**Records contained in a dataset**
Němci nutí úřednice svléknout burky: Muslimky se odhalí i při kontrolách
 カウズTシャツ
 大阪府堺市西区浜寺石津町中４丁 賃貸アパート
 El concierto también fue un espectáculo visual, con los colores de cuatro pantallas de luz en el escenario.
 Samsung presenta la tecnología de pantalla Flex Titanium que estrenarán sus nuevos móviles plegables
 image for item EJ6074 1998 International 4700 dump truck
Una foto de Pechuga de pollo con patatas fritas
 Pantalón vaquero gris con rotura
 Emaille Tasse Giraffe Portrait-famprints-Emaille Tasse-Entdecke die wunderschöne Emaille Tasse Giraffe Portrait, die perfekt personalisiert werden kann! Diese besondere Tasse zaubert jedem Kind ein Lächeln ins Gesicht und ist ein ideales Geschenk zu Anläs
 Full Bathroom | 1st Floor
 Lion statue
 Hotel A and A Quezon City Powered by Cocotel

**TRY IT**
What you give back must be the stretch above, starting at the line with "Pantalón vaquero gris con rotura" and ending at the line with "Emaille Tasse Giraffe Portrait-famprints-Emaille", copied exactly.

**RESPONSE BELOW**
 Pantalón vaquero gris con rotura
 Emaille Tasse Giraffe Portrait-famprints-Emaille Tasse-Entdecke die wunderschöne Emaille Tasse Giraffe Portrait, die perfekt personalisiert werden kann! Diese besondere Tasse zaubert jedem Kind ein Lächeln ins Gesicht und ist ein ideales Geschenk zu Anläs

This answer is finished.